Hodgkin’s lymphoma (HL) is a highly curable haematological malignancy with an overall survival (OS) in the early stages of around 90 % with modern first-line therapies.1 In patients being diagnosed in advanced stages, the survival rate for 10-year OS is only above 50 %.2 Despite advances in the treatment of HL, patients having refractory or relapsed (RR) disease still have a poor prognosis.3

Standard Therapy for Relapsed Hodgkin’s Lymphoma
Patients having primary RR disease nowadays remain a clinical challenge. Autologous stem cell transplantation (ASCT) is considered the standard of care for patients having relapsed chemosensitive disease. Two randomised trials showed significant benefit in terms of freedom from treatment failure (FFTF) for ASCT over conventional chemotherapy (CT) in this group of patients.4,5 These trials have resulted in the recommendation of ASCT at the time of first relapse for even the most favourable of patients, though salvage radiotherapy (RT) can offer an effective treatment for selected subsets.

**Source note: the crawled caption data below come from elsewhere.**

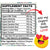 Liver Cleanse Detox Support Supplement - USA Grown Organic Milk Thistle & 7 Cleansing Herbs - Nature's Secret Agent Blend - Hippie Farms
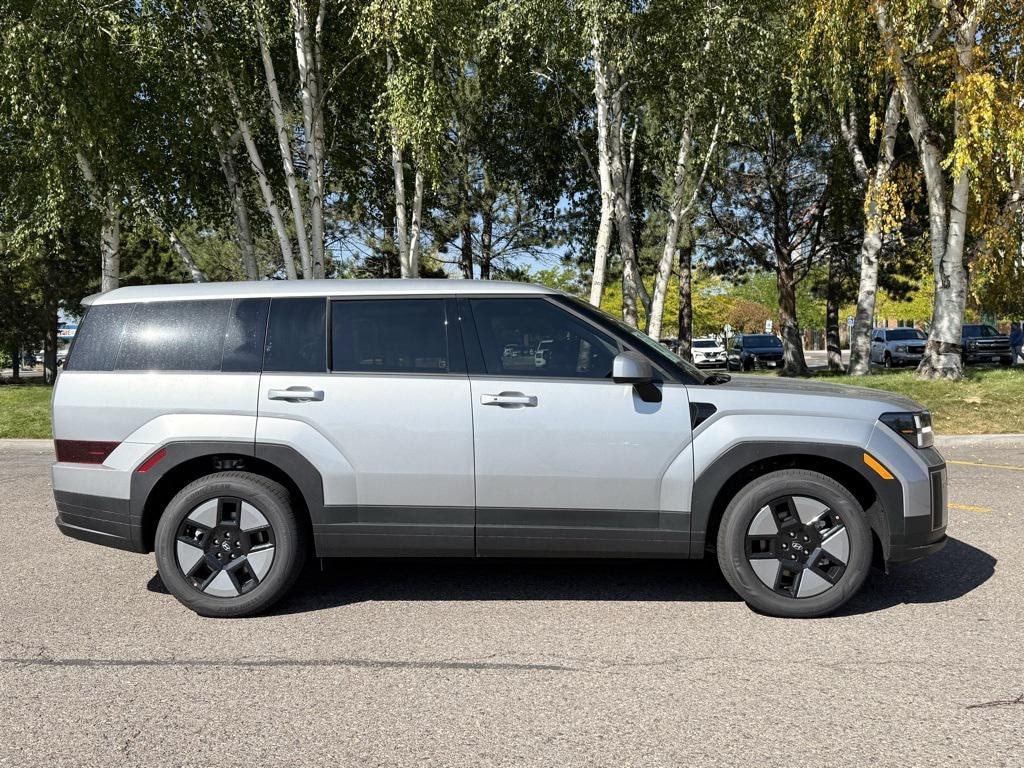 New 2026 Hyundai Santa Fe Hybrid SE AWD SUV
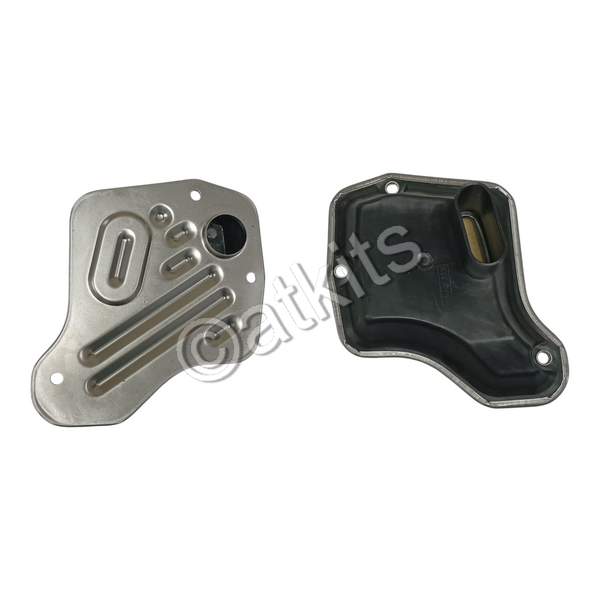 FILTER G4A-EL / 4EAT TYPE G 93-ON FORD / MAZDA (METAL & PLASTIC) (OEM# F32Z-7A098-A / FU9A-21-500)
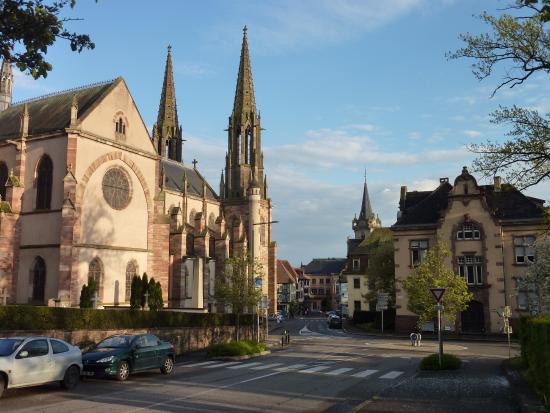 Église Saints-Pierre-et-Paul d'Obernai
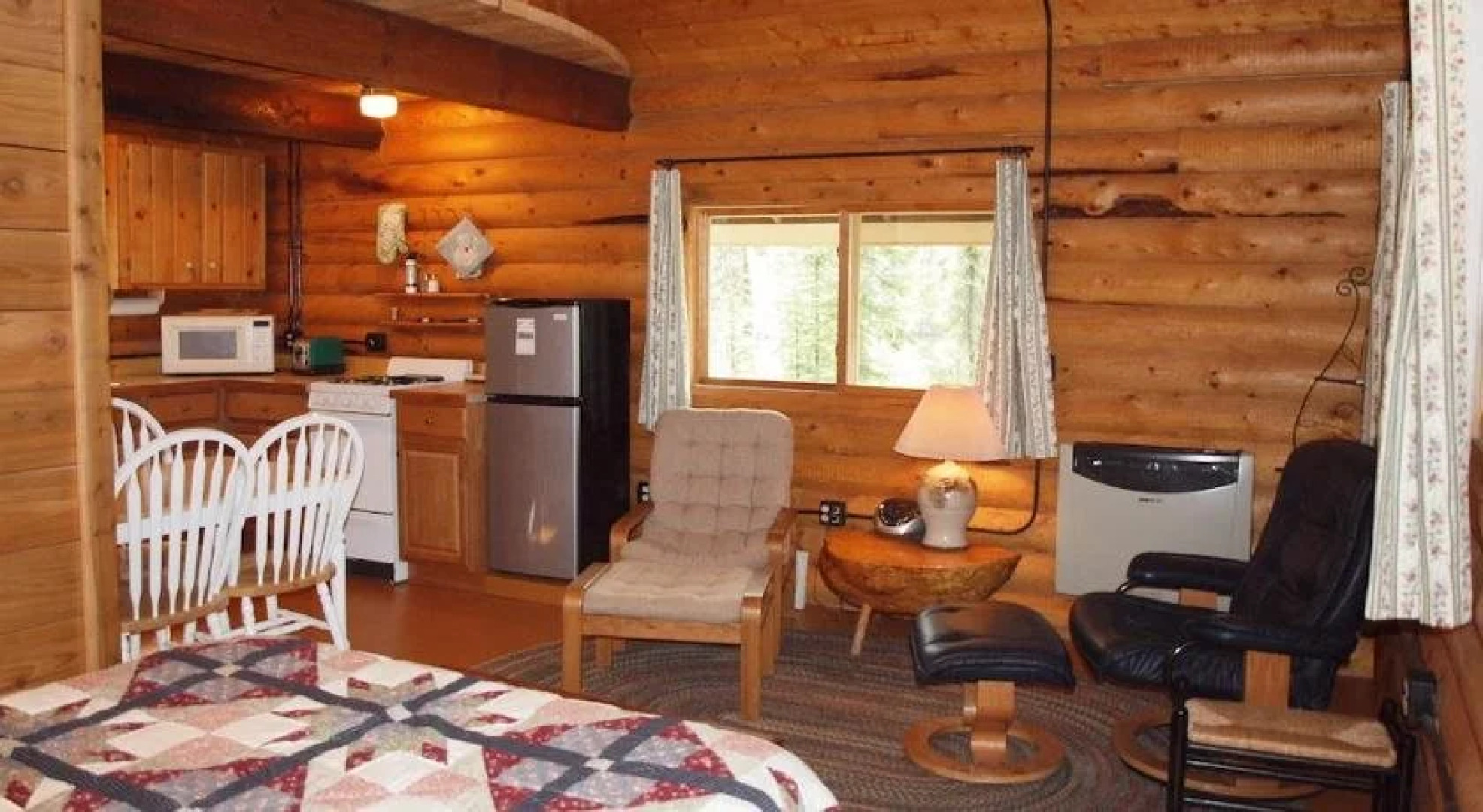 Talkeetna Lakeside Cabins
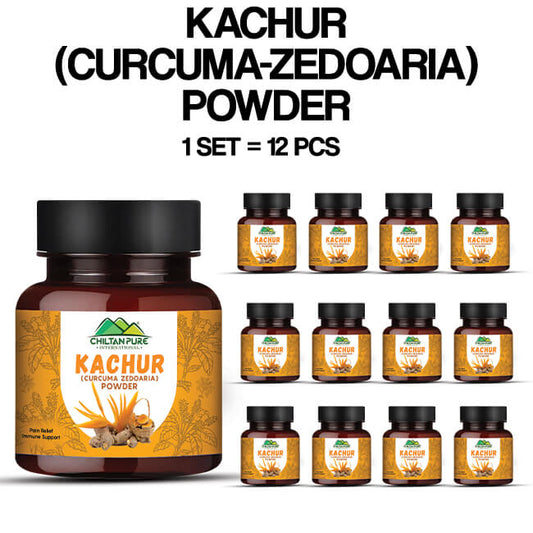 Kachur / Curcuma zedoaria [کچورپاؤڈر] powder 100% pure organic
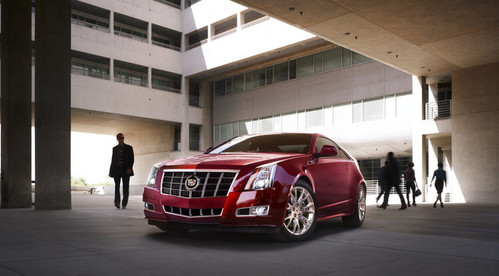 Touring Package CTS 2 at Cadillac CTS Touring Package For V Lovers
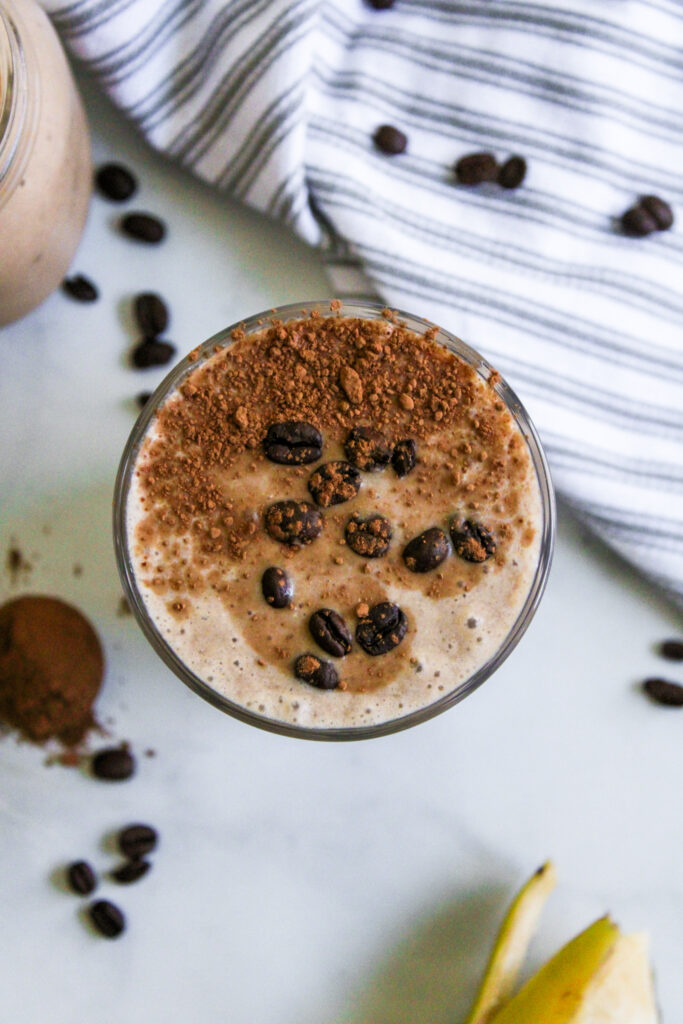 espresso smoothie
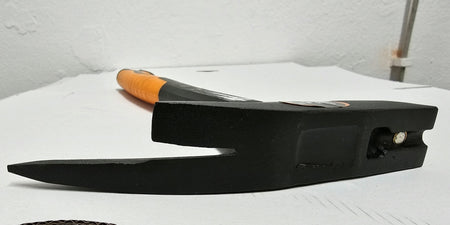 BIGLEAF Zimmermannshammer  mit Fiberglasstiel 600g
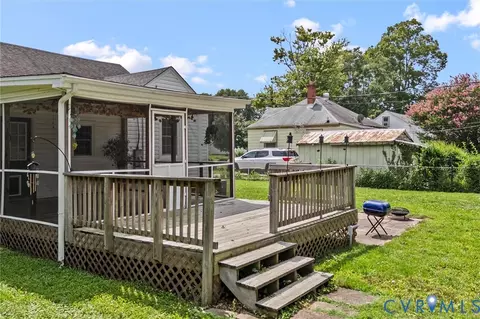 Exterior - 116 E Union St, Sandston, VA 23150 photo 8 of 14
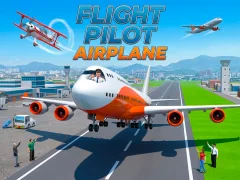 游戏Flight Pilot Airplane在线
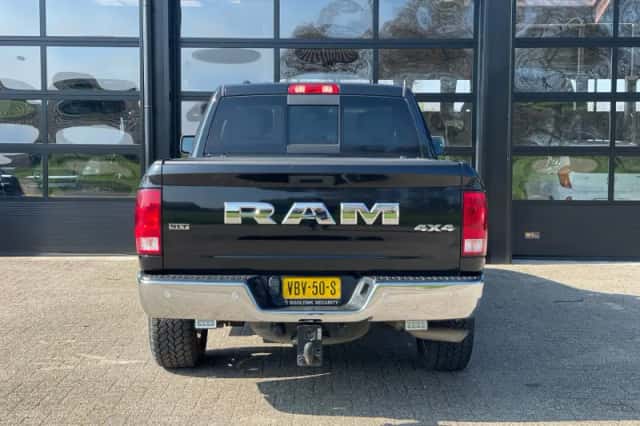 Dodge RAM (2019) thumbnail 4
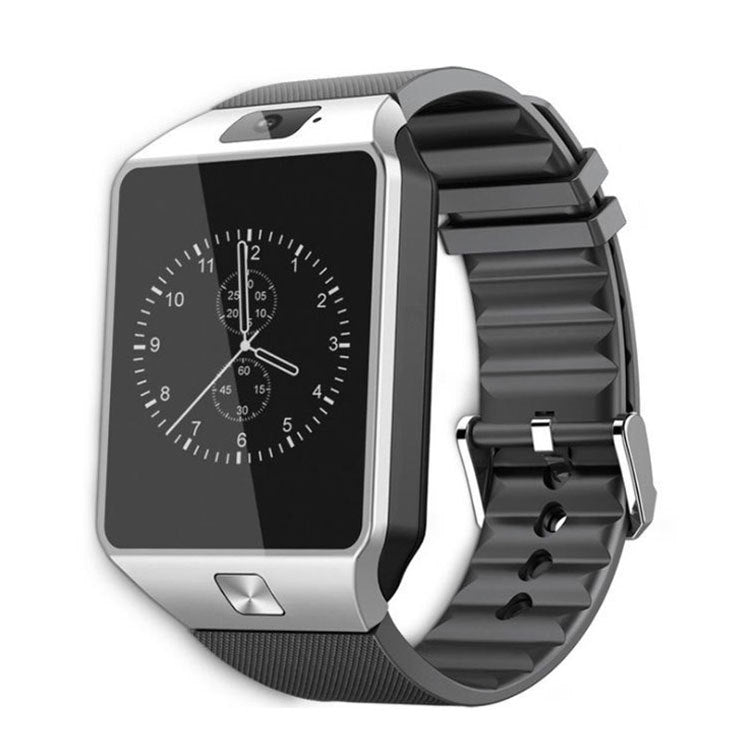Watch DZ09 SportConnect Smart Watch-Black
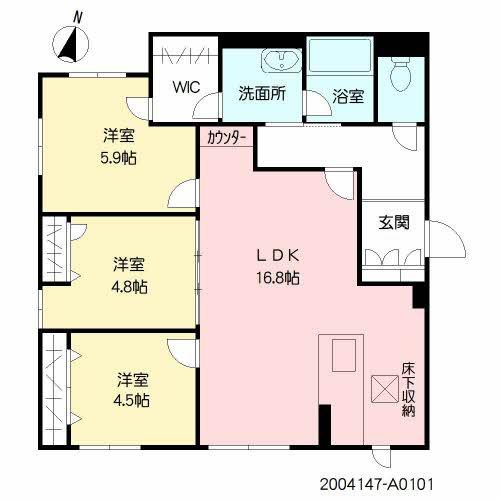 シャーメゾン大塚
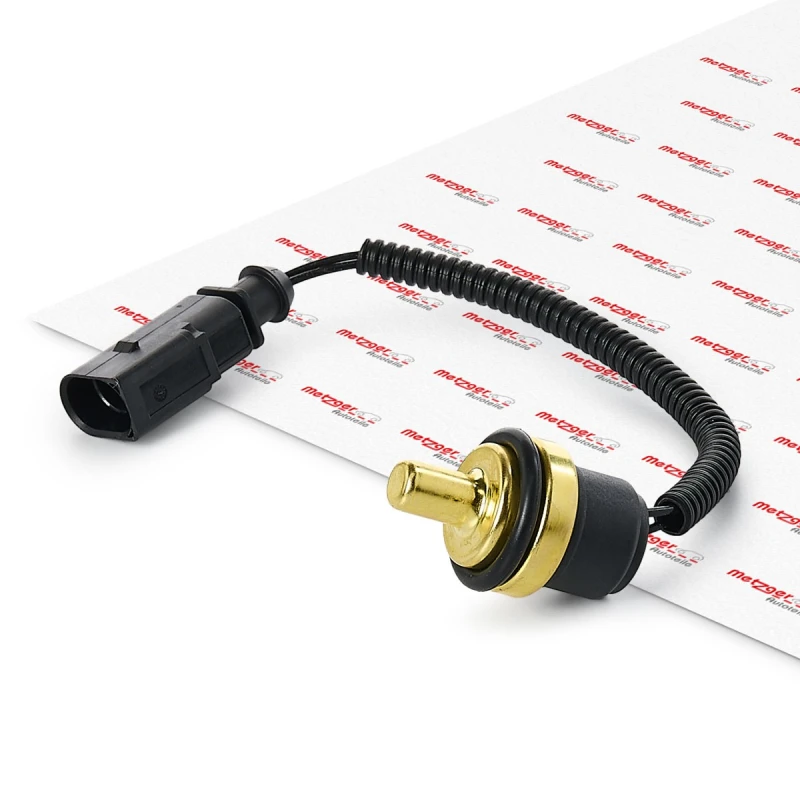 Image of Sensor, coolant temperature METZGER 0905504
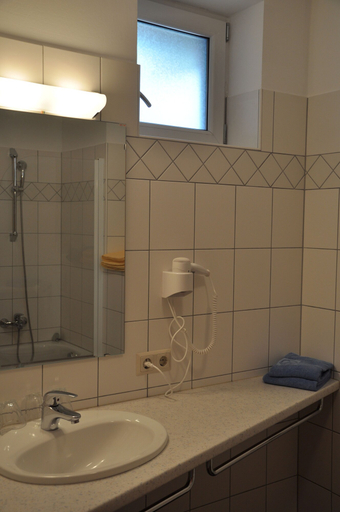 Bathroom 4, FerienPark Kreischberg Ferienhäuser by ALPS RESORT, Murau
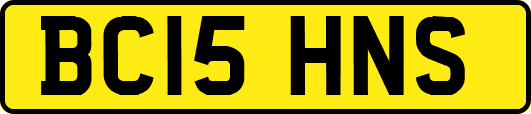 BC15HNS
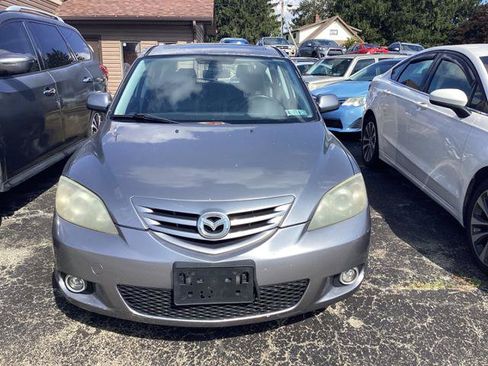 Used 2006 MAZDA MAZDA3 s Grand Touring FWD image 7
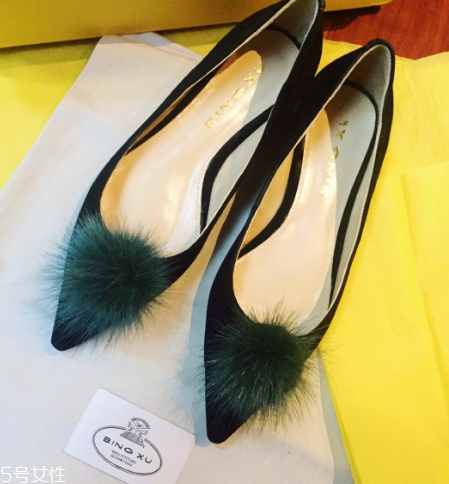 bing xu鞋子有專柜嗎？絕對不會撞的小眾鞋履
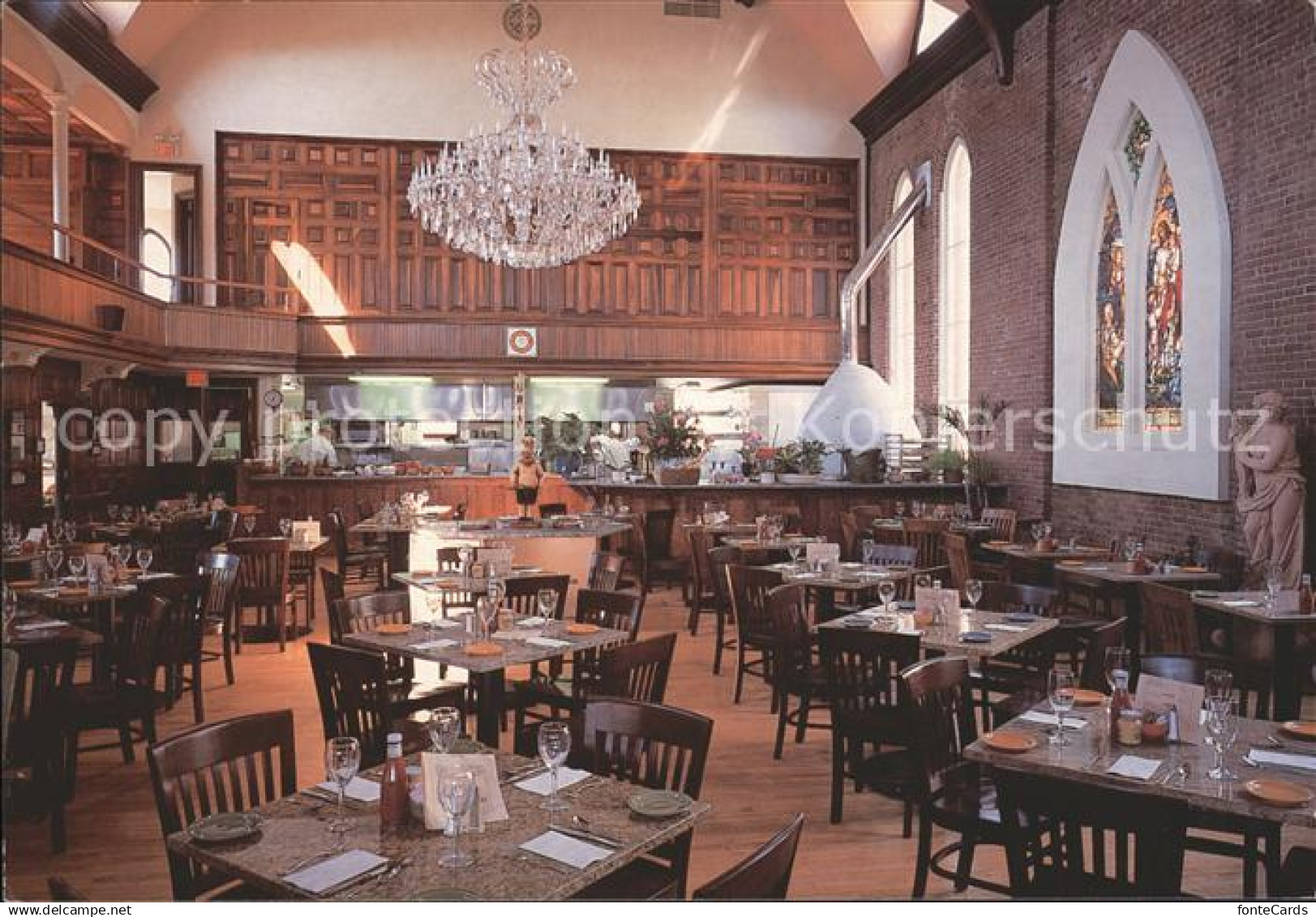Fall River Massachusetts Abbey Grill and International Institute of Culinary Art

Patients with HL who relapse after an ASCT have a very poor long-term outcome; there is little information about prognostic factors in this setting. A retrospective analysis of the Lymphoma Working Party (LWP) of the European Group for Blood and Marrow Transplantation (EBMT) and Gruppo Italiano Trapianto di Midollo Osseo (GITMO),6 including 511 adult patients having relapsed HL after ASCT, indicated that after a median follow-up of 49 months, these patients’ OS was 32 % at 5 years; independent risk factors for OS were early relapse after ASCT, stage IV disease and bulky disease at the time of relapse, poor performance status and age ≥50 years. For patients having no risk factors, OS at 5 years was 62 % compared with 37 % and 12 % for those having 1 and ≥2 factors, respectively. Relapsed disease after ASCT represents a clear unmet need. Therapeutic options in this subgroup of patients are heterogeneous and include salvage CT or RT (regardless of whether followed by a second SCT), palliative care, new drugs and biological agents. High-dose CT supported by allogeneic SCT (allo-SCT) is a suitable approach for young and fit patients having chemosensitive disease and who have an human leukocyte antigen (HLA)-compatible donor available. A broad spectrum of evidence supports the existence of a potentially beneficial graft versus HL, with those patients developing chronic graft versus host disease (GvHD) presenting with significantly lower relapse rates after transplantation. Patients relapsing more than 3 years after a first ASCT might be suitable for a second ASCT.7 Patients with relapsed disease after an allo-SCT represent a major clinical challenge, with no standard of care.

Brentuximab Vedotin
Brentuximab vedotin (BV) (previously known as SNG-35 [Seattle Genetics, WA, US]) is an antibody drug conjugate (ADC) that selectively delivers monomethylauristatin E (MMAE), a very potent antimicrotubule agent, into CD30-expressing cells. Binding MMAE to tubulin disrupts the microtubule network within the cell, subsequently inducing cell-cycle arrest and apoptosis.8 On 19 August 2011, the US Food and Drug Administration (FDA) granted accelerated approval of BV for two indications in patients having HL: patients who fail an ASCT procedure or patients in whom ASCT is not an option after failure of at least two prior multi-agent CT regimens. In addition, BV is also approved in patients having another CD30 positive malignancy, systemic anaplastic large cell lymphoma (sALCL), after failure of at least one prior multi-agent CT protocol.9

Brentuximab Vedotin – Results of Pivotal Phase I/II Prospective Clinical Trials
Two phase I dose-escalation single-arm open-label trials have been published in patients having RR CD30 positive malignancies. The SG035-0001 trial administered BV every 3 weeks,8 whereas SG035-0002 trial administered the drug weekly.10 These trials explored the safety, maximum-tolerated dose (MTD) and dosing the drug once a week and every 3 weeks. Compelling clinical results with a tumour regression percentage of around 85 % were found. The interesting results seen in the phase I trial led to the development of two phase II trials, one of them evaluating the efficacy and safety of BV in patients having RR HL failing an ASCT.11 A total of 102 patients were treated with BV 1.8 mg/ kg by intravenous infusion every 3 weeks. In the absence of disease progression or prohibitive toxicity, patients received a maximum of 16 cycles. The primary endpoint was the overall objective response rate (ORR) determined by an independent radiology review facility – 75 %, with complete remission (CR) in 34 % of patients. The median progression-free survival (PFS) time for all patients was 5.6 months, and the median duration of response for those in CR was 20.5 months. The most common treatment-related adverse events were peripheral sensory neuropathy, nausea, fatigue, neutropenia and diarrhoea.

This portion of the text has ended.